Friday, March 24, 2017

SCMS Conference 2017, Thursday March 23rd

Reflections on three panels from Thursday, March 23: the "Race/Ethnicity/Species: Chinese Cinema’s Others" panel included perspectives on the politics of fifteen CCP ethnographic minority (CCP term) documentaries produced for internal government exhibition between 1957 and 1965 (Dr. Ying Qian), recent ecocinema and Chinese co-productions, namely Wolf Totem and Born in China (Dr. Yiman Wang), and mediations between the lived experiences of majority/visible and minority/invisible status in recent Chinese documentaries (Dr. Jenny Chio).

The "Trans-locality, Temporality, and Queer Asian Cinema in the Age of Globalization" panel featured an outstanding line-up of presentations, but what comes to mind in retrospect are the reflections filmmaker and scholar Po-Chen Tsai offered in relation to what it means to be queer in this time and space in Taiwan in terms of nationalism, downward mobility, and current political and economic conditions. One of her case study films is the dark, complex Thanatos, Drunk (Chang, 2015).

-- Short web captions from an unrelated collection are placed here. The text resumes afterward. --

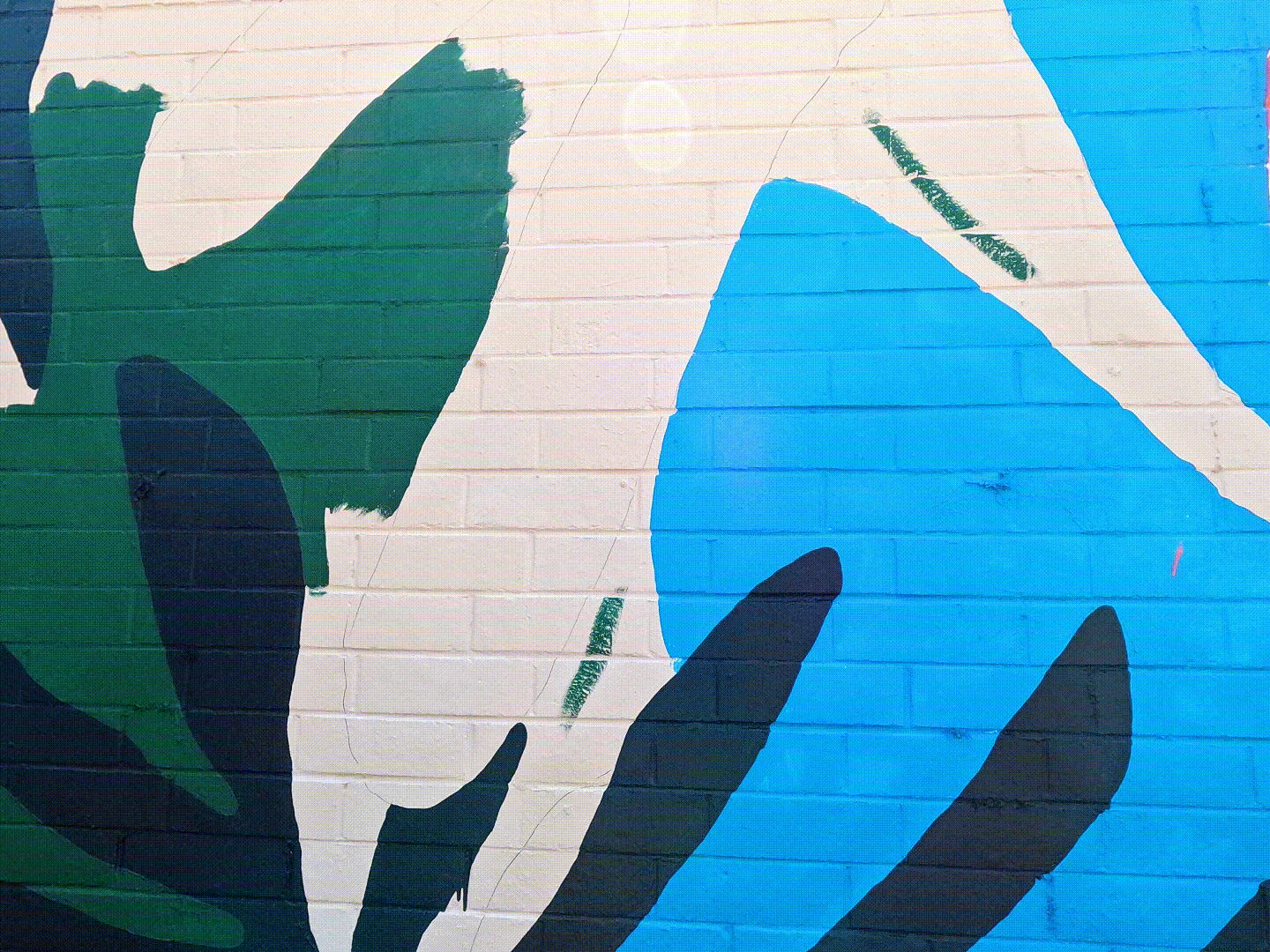 Dulwich Hill Public School – Supplied Design Mural Artwork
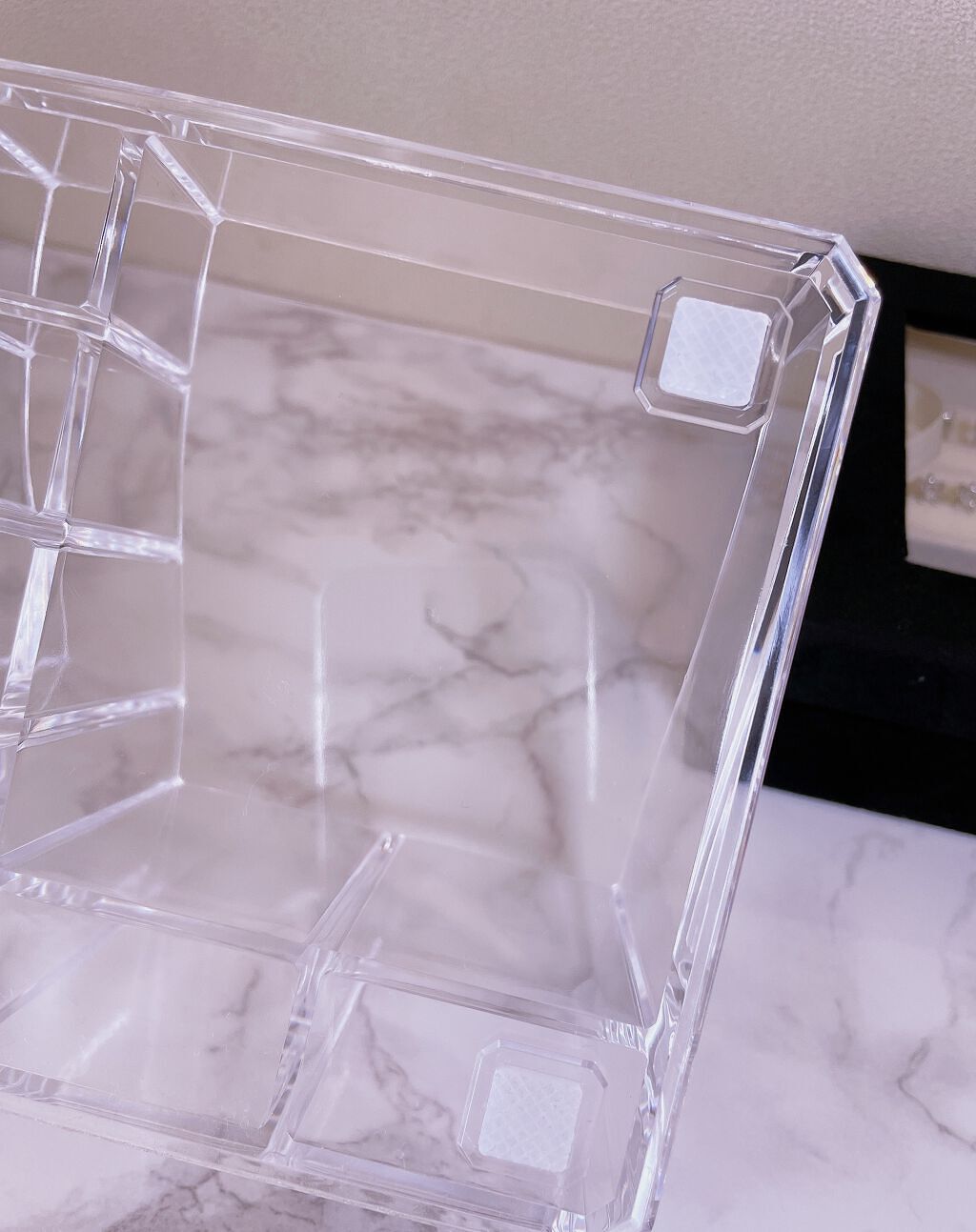 化粧収納ケース   引き出し付き/DAISO/その他を使ったクチコミ（2枚目）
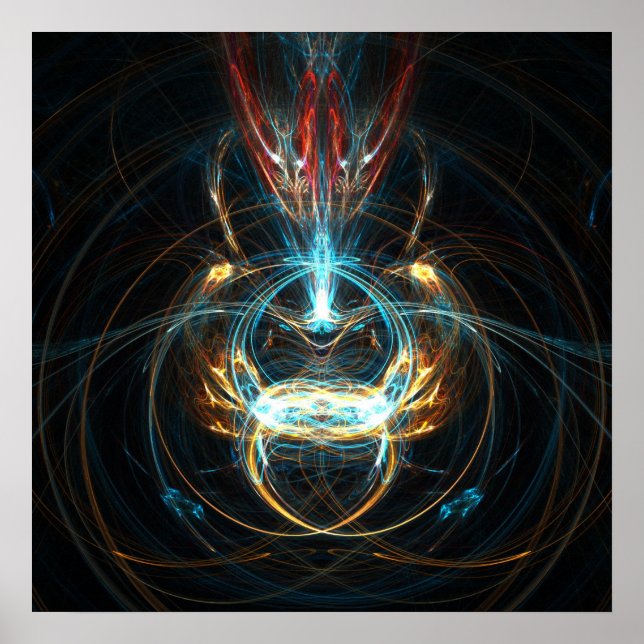 Mystiskt ljus - Poster (Framsidan)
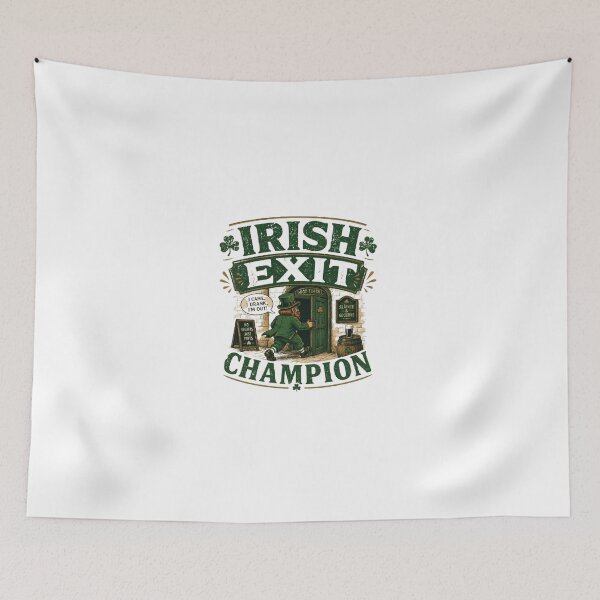 Item preview, Funny Irish Drinking Humor Pub Style Tee designed and sold by AveniaOficial.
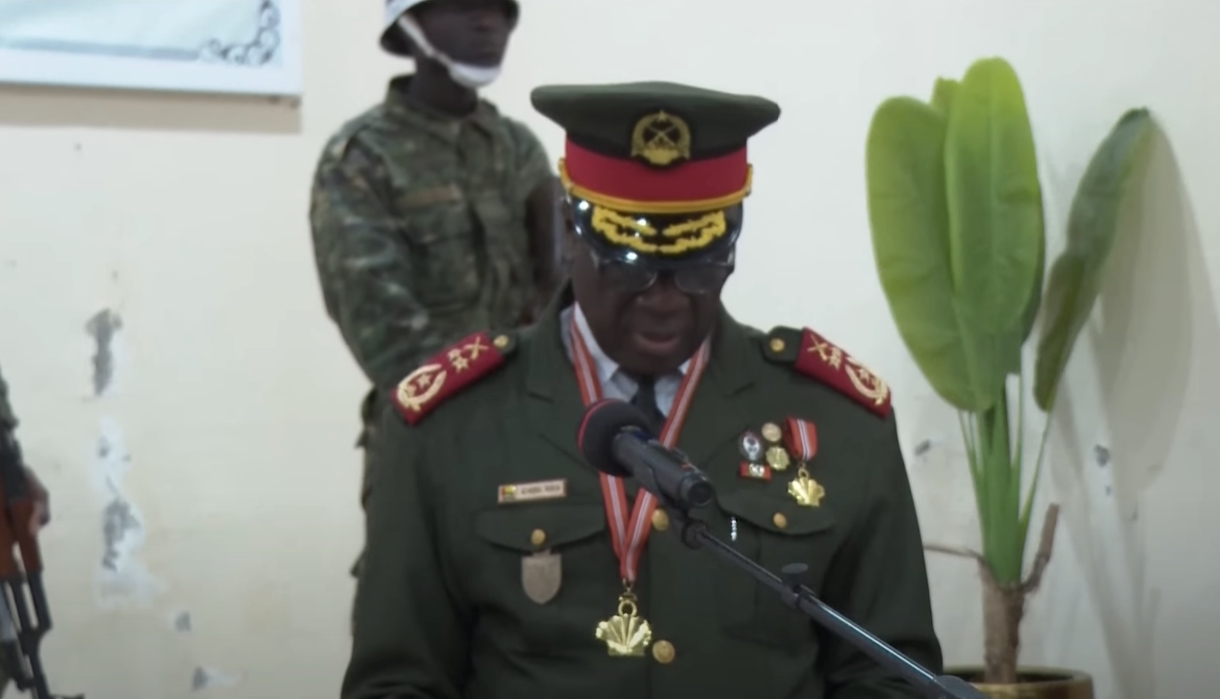 Guinea-Bissau junta bars interim leaders from contesting next elections under new charter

Weijia Du's work included this slide regarding
dubbing foreign films into Chinese on the Mainland during the Cold War

This year at SCMS there were fewer Cold War panels than in years past, but the lack of quantity was made up by the superb quality of "Cinema of Displacement: Negotiating Politics, Gender, Identity, and Family in Chinese-language Cinema" which covered Cold War films from China (Weijia Du, University of Illinois at Urbana-Champaign), Hong Kong (I In Chiang, Rhodes College), and Taiwan (Mei-Hsuan Chiang, Taipei National University of the Arts) in a captivating convergence of perspectives.